Life Insurance Basics
Term and Permanent
Life insurance is very similar to renting or owning a home with these factors weighing the decision.
Single or married with kids
Short term and long range plans
Current and future financial situation
General rules at different stages of life
Starting out career = 100% Term insurance
Married with kids = 20% Permanent + 80% Term Insurance
Retirement = 100% Permanent Insurance
"The best life insurance policy is the one that is in place when
your family needs it."
How Much Protection Do I Need?
Ten times annual income for life insurance
Five times annual income for a severe short term or long term illness
"The purpose of life insurance is to create cash"
Permanent Insurance is Like Owning a Home
Similar to having a home, ownership is forever.
Insurance premiums, like your mortgage, a portion goes to the insurance company while the balance goes toward your equity.
One-third of your payment goes to owning your insurance coverage.
Two-thirds of the premium is credited to the equity=cash value.
Cash value grows from accumulated interests.
The cash value can be accessed at any time and age through withdrawals or low interest loans.
At death the family receives the original death benefit plus the accumulated cash, tax free.
Accessing the Cash Value in a Life Insurance Policy
You can access the cash value in a life insurance policy in three primary ways at any age.
1. Withdraw the cash value.
2. Borrow the cash value.
*No need to pay the balance back.
Balance is deducted on death.
3. Surrender or give up the policy
and take all the cash out.
There are three main ways to grow cash value in permanent life insurance policies
There are three general methods in which the cash value can grow and prevent losses.
a. Whole life grows the cash value through company dividends. A 0% floor acts as a "stop loss" to prevent loss of cash value.
b. Indexed Universal life accumulates interest by the growth of equity indexes (Dow Jones, S & P 500, Russell 2000). Nothing is invested into equities but the indexes are used as a barometer for how much interest the cash value will gain for that period. If the index is negative, a 0% floor negates any loss in cash value.
c. Variable life is directly invested into stocks/mutual funds.
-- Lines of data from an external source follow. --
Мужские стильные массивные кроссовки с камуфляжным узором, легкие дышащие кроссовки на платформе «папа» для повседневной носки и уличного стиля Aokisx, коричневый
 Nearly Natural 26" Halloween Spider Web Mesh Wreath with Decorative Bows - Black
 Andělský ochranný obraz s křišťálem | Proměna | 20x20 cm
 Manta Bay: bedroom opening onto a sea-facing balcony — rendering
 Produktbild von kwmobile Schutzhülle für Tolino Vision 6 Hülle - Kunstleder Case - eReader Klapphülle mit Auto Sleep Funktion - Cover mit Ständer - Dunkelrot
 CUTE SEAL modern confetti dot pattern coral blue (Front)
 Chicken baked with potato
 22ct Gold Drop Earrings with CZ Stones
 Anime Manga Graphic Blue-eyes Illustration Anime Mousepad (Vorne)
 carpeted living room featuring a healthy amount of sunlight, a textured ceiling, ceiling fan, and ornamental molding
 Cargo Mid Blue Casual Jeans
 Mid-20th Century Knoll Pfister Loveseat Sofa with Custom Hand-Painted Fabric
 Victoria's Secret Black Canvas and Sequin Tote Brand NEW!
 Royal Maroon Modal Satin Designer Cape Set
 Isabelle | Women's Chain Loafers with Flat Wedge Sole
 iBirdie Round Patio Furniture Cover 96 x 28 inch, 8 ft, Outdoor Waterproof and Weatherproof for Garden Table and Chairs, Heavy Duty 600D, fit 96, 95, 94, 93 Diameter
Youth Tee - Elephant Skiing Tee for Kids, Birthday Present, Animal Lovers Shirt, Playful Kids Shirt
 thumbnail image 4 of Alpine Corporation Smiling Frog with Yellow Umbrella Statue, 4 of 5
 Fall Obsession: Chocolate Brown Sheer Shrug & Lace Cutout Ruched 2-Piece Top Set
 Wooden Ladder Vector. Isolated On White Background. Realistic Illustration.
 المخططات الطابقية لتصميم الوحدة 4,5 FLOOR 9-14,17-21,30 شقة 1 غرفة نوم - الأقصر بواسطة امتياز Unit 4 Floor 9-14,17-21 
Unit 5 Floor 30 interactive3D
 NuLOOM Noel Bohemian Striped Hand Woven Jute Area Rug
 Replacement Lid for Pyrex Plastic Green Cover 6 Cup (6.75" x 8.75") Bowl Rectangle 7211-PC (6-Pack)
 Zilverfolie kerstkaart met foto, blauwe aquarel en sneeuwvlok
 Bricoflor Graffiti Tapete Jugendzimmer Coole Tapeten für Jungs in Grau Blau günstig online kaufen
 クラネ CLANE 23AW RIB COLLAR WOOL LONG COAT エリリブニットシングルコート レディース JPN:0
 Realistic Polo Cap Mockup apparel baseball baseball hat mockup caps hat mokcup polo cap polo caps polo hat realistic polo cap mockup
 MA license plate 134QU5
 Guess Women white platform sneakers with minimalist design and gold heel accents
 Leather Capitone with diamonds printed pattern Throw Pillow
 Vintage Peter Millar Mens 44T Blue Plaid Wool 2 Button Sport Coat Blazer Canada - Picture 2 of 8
Both gains and losses are realized as there is no 0% stop loss.
Indexed Universal Life Example
Sean 45, has a $500,000 Indexed Universal Life Policy that he has been paying into since he graduated college.
Sean contributes $1,000 per month for 20 years for a total of $240,000.
The cash value (Blue Line) averages about 5% a year in compounded interests. (Orange Line)
In the "negative S & P 500 years" he does not lose cash value due to the 0% floor.
The curve is flat in those years.
At age 75, Sean will have about $620,000 in cash value plus $500,000 in original benefits.
If Sean were to pass away at age 75, his family would receive tax free $1,120,000.